►

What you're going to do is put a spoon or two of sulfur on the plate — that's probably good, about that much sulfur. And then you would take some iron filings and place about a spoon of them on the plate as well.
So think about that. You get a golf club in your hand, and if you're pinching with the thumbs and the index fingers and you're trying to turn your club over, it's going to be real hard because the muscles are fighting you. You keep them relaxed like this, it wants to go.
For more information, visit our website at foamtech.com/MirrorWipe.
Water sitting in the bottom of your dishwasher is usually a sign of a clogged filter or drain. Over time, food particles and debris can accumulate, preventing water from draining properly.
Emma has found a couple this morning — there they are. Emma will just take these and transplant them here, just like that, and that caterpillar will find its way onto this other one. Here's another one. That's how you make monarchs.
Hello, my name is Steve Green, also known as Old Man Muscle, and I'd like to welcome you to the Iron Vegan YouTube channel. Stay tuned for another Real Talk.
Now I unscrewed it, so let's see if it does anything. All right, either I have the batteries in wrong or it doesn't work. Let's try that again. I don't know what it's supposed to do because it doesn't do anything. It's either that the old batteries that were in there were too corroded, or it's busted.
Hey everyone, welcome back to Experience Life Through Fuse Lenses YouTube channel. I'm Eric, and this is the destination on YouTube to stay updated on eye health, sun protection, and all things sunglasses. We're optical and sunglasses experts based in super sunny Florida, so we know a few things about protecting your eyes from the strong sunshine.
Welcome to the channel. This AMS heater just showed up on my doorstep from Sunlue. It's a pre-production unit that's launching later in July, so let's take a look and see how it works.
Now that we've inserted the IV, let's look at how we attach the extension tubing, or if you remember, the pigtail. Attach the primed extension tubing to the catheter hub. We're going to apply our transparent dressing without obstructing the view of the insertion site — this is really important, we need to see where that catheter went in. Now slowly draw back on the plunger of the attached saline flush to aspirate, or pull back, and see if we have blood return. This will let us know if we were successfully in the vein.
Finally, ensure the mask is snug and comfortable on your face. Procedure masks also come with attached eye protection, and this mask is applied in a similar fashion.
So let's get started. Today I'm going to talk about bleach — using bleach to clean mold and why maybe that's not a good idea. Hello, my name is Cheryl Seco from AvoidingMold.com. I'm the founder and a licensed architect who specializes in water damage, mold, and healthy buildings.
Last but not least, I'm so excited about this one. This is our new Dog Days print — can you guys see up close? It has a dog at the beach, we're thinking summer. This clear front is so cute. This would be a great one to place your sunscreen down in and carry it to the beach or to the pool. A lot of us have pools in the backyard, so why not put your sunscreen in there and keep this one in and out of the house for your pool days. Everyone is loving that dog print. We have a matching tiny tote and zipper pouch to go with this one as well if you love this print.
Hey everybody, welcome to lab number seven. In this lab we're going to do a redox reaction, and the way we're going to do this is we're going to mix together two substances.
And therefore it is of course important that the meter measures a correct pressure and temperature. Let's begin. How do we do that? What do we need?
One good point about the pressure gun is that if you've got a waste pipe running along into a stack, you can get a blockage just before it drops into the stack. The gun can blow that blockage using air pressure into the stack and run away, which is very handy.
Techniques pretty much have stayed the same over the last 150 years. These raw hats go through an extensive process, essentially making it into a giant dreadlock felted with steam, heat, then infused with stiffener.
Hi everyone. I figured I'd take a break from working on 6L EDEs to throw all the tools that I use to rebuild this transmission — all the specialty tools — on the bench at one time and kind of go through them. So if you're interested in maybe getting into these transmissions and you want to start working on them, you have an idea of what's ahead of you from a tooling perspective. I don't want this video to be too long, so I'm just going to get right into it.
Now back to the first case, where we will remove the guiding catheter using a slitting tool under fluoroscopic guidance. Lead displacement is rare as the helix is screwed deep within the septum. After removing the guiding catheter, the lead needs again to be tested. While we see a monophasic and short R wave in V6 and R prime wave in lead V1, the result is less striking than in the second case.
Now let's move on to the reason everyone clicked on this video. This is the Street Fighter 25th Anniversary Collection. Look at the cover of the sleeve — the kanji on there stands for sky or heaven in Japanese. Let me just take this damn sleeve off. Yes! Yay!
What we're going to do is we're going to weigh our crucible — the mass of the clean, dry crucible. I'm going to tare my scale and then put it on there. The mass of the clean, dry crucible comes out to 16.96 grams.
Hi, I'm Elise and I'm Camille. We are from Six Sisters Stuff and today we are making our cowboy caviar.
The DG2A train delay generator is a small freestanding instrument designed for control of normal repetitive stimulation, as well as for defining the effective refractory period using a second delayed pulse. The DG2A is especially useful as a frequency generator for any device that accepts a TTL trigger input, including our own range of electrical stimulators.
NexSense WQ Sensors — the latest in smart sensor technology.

◄

*WORK TASK*
Type the records out again. Match them exactly.

*SOLUTION BELOW*
What you're going to do is put a spoon or two of sulfur on the plate — that's probably good, about that much sulfur. And then you would take some iron filings and place about a spoon of them on the plate as well.
So think about that. You get a golf club in your hand, and if you're pinching with the thumbs and the index fingers and you're trying to turn your club over, it's going to be real hard because the muscles are fighting you. You keep them relaxed like this, it wants to go.
For more information, visit our website at foamtech.com/MirrorWipe.
Water sitting in the bottom of your dishwasher is usually a sign of a clogged filter or drain. Over time, food particles and debris can accumulate, preventing water from draining properly.
Emma has found a couple this morning — there they are. Emma will just take these and transplant them here, just like that, and that caterpillar will find its way onto this other one. Here's another one. That's how you make monarchs.
Hello, my name is Steve Green, also known as Old Man Muscle, and I'd like to welcome you to the Iron Vegan YouTube channel. Stay tuned for another Real Talk.
Now I unscrewed it, so let's see if it does anything. All right, either I have the batteries in wrong or it doesn't work. Let's try that again. I don't know what it's supposed to do because it doesn't do anything. It's either that the old batteries that were in there were too corroded, or it's busted.
Hey everyone, welcome back to Experience Life Through Fuse Lenses YouTube channel. I'm Eric, and this is the destination on YouTube to stay updated on eye health, sun protection, and all things sunglasses. We're optical and sunglasses experts based in super sunny Florida, so we know a few things about protecting your eyes from the strong sunshine.
Welcome to the channel. This AMS heater just showed up on my doorstep from Sunlue. It's a pre-production unit that's launching later in July, so let's take a look and see how it works.
Now that we've inserted the IV, let's look at how we attach the extension tubing, or if you remember, the pigtail. Attach the primed extension tubing to the catheter hub. We're going to apply our transparent dressing without obstructing the view of the insertion site — this is really important, we need to see where that catheter went in. Now slowly draw back on the plunger of the attached saline flush to aspirate, or pull back, and see if we have blood return. This will let us know if we were successfully in the vein.
Finally, ensure the mask is snug and comfortable on your face. Procedure masks also come with attached eye protection, and this mask is applied in a similar fashion.
So let's get started. Today I'm going to talk about bleach — using bleach to clean mold and why maybe that's not a good idea. Hello, my name is Cheryl Seco from AvoidingMold.com. I'm the founder and a licensed architect who specializes in water damage, mold, and healthy buildings.
Last but not least, I'm so excited about this one. This is our new Dog Days print — can you guys see up close? It has a dog at the beach, we're thinking summer. This clear front is so cute. This would be a great one to place your sunscreen down in and carry it to the beach or to the pool. A lot of us have pools in the backyard, so why not put your sunscreen in there and keep this one in and out of the house for your pool days. Everyone is loving that dog print. We have a matching tiny tote and zipper pouch to go with this one as well if you love this print.
Hey everybody, welcome to lab number seven. In this lab we're going to do a redox reaction, and the way we're going to do this is we're going to mix together two substances.
And therefore it is of course important that the meter measures a correct pressure and temperature. Let's begin. How do we do that? What do we need?
One good point about the pressure gun is that if you've got a waste pipe running along into a stack, you can get a blockage just before it drops into the stack. The gun can blow that blockage using air pressure into the stack and run away, which is very handy.
Techniques pretty much have stayed the same over the last 150 years. These raw hats go through an extensive process, essentially making it into a giant dreadlock felted with steam, heat, then infused with stiffener.
Hi everyone. I figured I'd take a break from working on 6L EDEs to throw all the tools that I use to rebuild this transmission — all the specialty tools — on the bench at one time and kind of go through them. So if you're interested in maybe getting into these transmissions and you want to start working on them, you have an idea of what's ahead of you from a tooling perspective. I don't want this video to be too long, so I'm just going to get right into it.
Now back to the first case, where we will remove the guiding catheter using a slitting tool under fluoroscopic guidance. Lead displacement is rare as the helix is screwed deep within the septum. After removing the guiding catheter, the lead needs again to be tested. While we see a monophasic and short R wave in V6 and R prime wave in lead V1, the result is less striking than in the second case.
Now let's move on to the reason everyone clicked on this video. This is the Street Fighter 25th Anniversary Collection. Look at the cover of the sleeve — the kanji on there stands for sky or heaven in Japanese. Let me just take this damn sleeve off. Yes! Yay!
What we're going to do is we're going to weigh our crucible — the mass of the clean, dry crucible. I'm going to tare my scale and then put it on there. The mass of the clean, dry crucible comes out to 16.96 grams.
Hi, I'm Elise and I'm Camille. We are from Six Sisters Stuff and today we are making our cowboy caviar.
The DG2A train delay generator is a small freestanding instrument designed for control of normal repetitive stimulation, as well as for defining the effective refractory period using a second delayed pulse. The DG2A is especially useful as a frequency generator for any device that accepts a TTL trigger input, including our own range of electrical stimulators.
NexSense WQ Sensors — the latest in smart sensor technology.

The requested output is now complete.